(Short web captions)
◇ ◇ ◇

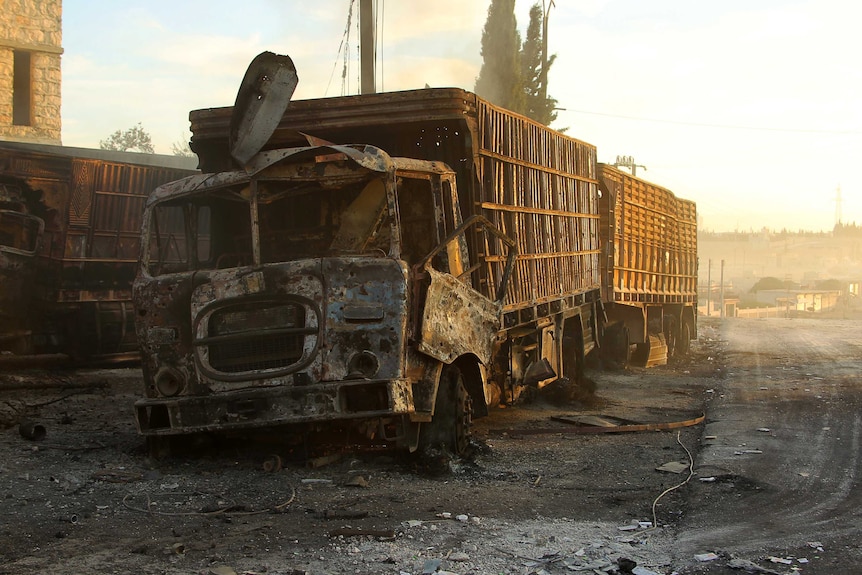 Damaged aid trucks after an air strike in western Aleppo.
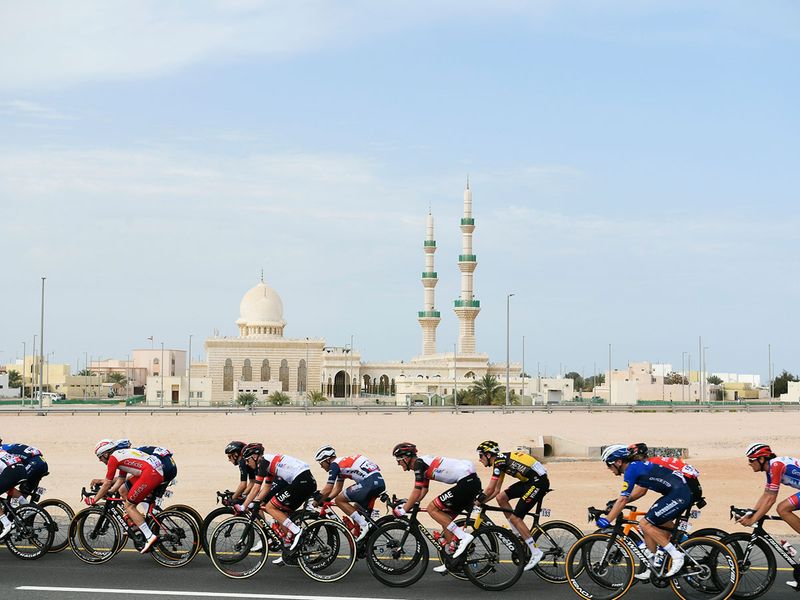 Cyclists pedal during the first stage of the UAE tour cycling race, from Al Dhafra Castle to Al Mirfa, Abu Dhabi, Sunday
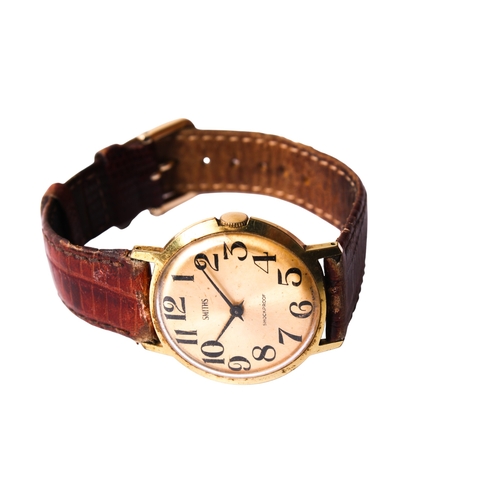 393 - A gentleman's vintage Smiths wristwatch. The gilt face having Arabic numerals, in a gold plated case... 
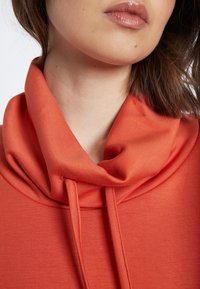 Oranges Sweatshirt mit Kragen und Bindebändern. Glatte Textur, leichtes Material, Nahaufnahme zeigt den Kragen- und Halsbereich.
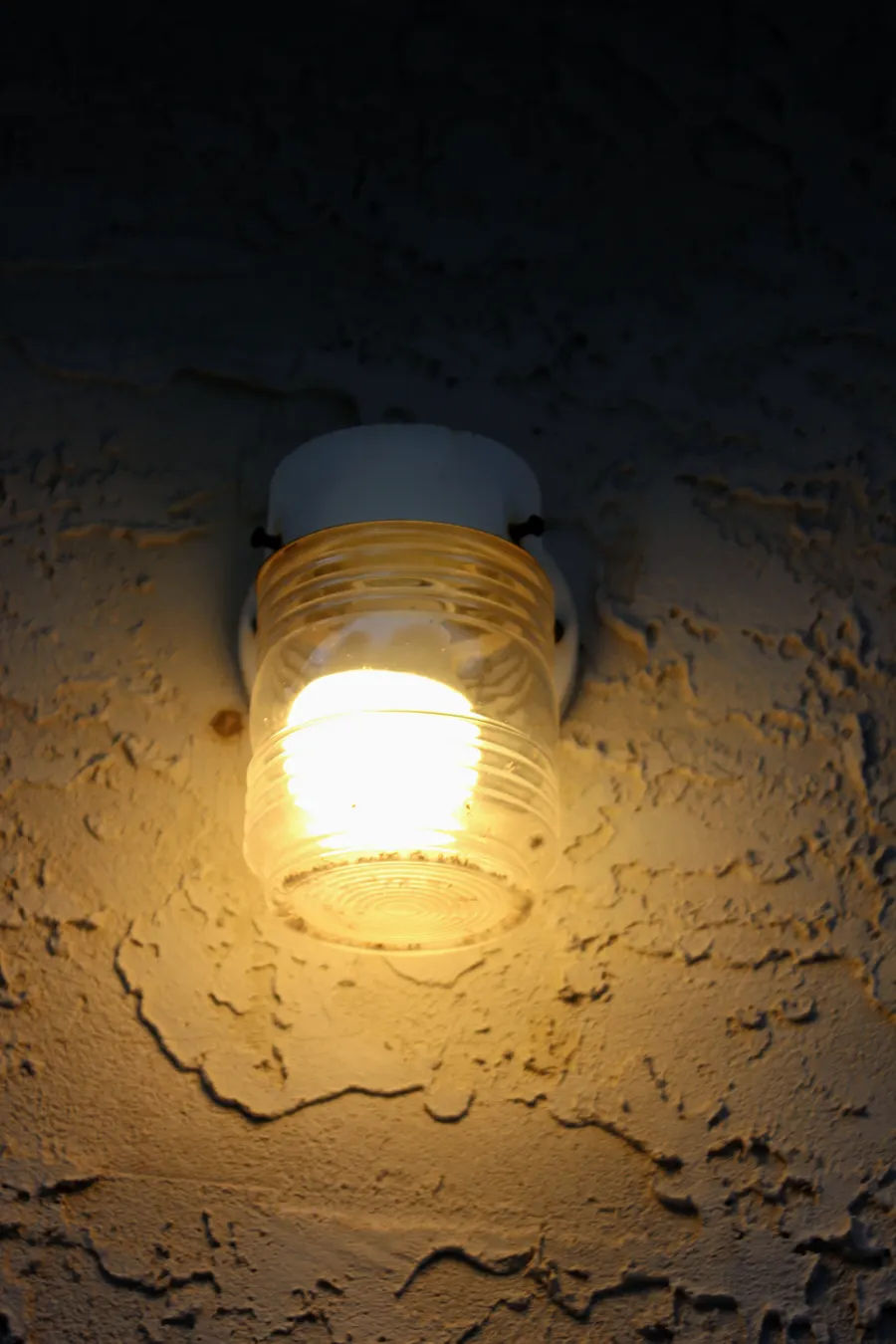 Porch light with a glass globe on a textured exterior wall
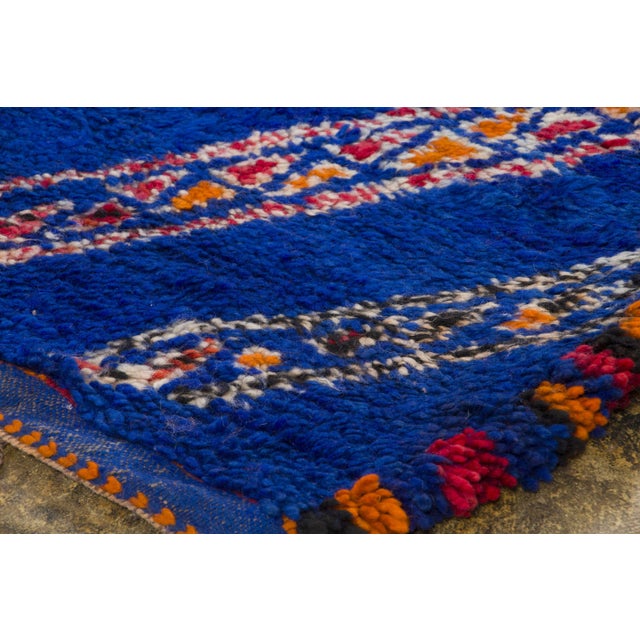 Hand-knotted in wool and originating circa 1950-1959, this 6x10 vintage Moroccan berber rug joins Rug & Kilim’s Moroccan...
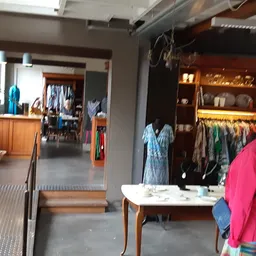 Winkelinterieur met kledingrekken, houten tafels en goederen uitgestald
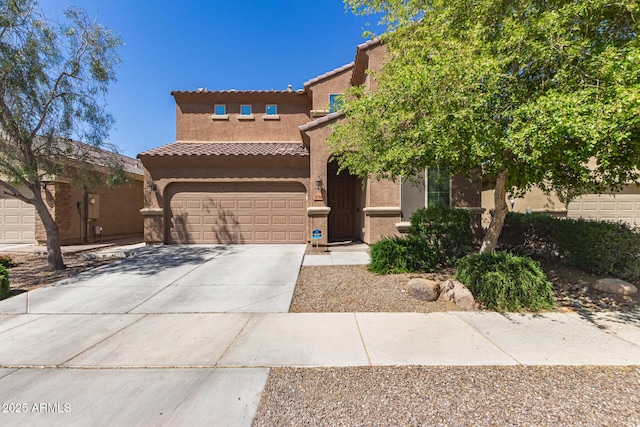 6746 W Wethersfield Rd, Peoria, AZ 85381 - view of front of property with a tiled roof, driveway, stucco siding, and a garage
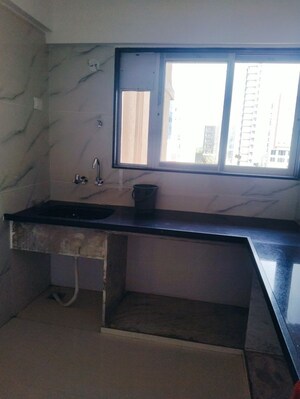 Kitchen in 2 BHK Apartment at Yash Ina Apartments, Goregaon West – for Sale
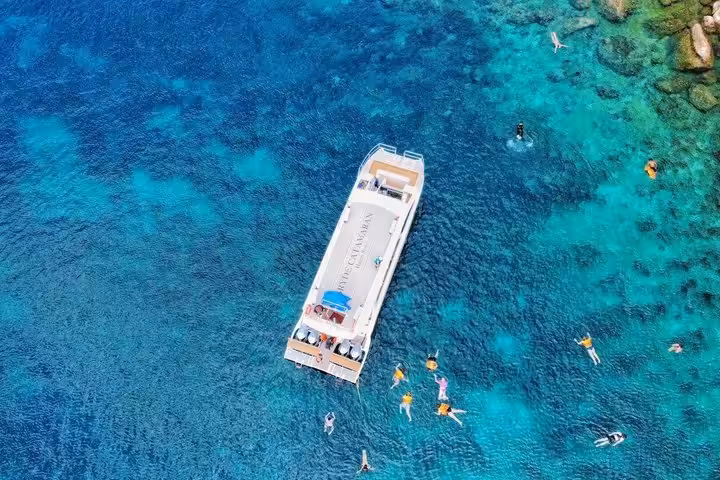 Premium catamaran cruising through Ang Thong Marine Park limestone islands from Koh Samui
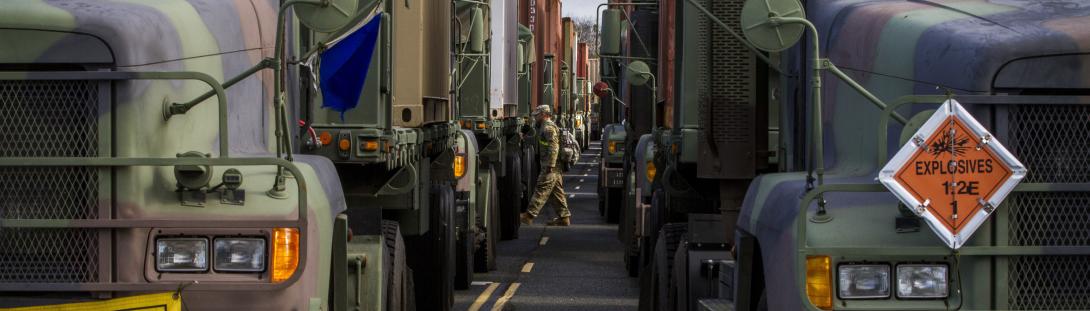 1120th Transportation Battalion. military cargo trucks lined up information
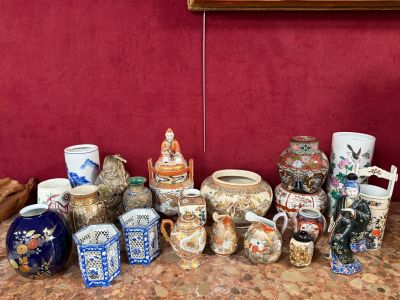 plusieurs vases posés sur une table, avec un mur rouge en arrière-plan
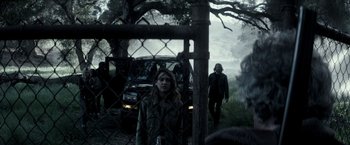 Movie still from “The Veil” (2016), directed by Phil Joanou – A man and a woman are standing in front of a car; Wide shot, Over the shoulder angle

◇ ◇ ◇

• **YOUR TASK**: Could you repeat, exactly and with nothing else, the lines from the one containing "Premium catamaran cruising" through the last line of the records above, leaving out the pictures?

• **THE COMPLETED TASK**:
 Premium catamaran cruising through Ang Thong Marine Park limestone islands from Koh Samui
 1120th Transportation Battalion. military cargo trucks lined up information
 plusieurs vases posés sur une table, avec un mur rouge en arrière-plan
 Movie still from “The Veil” (2016), directed by Phil Joanou – A man and a woman are standing in front of a car; Wide shot, Over the shoulder angle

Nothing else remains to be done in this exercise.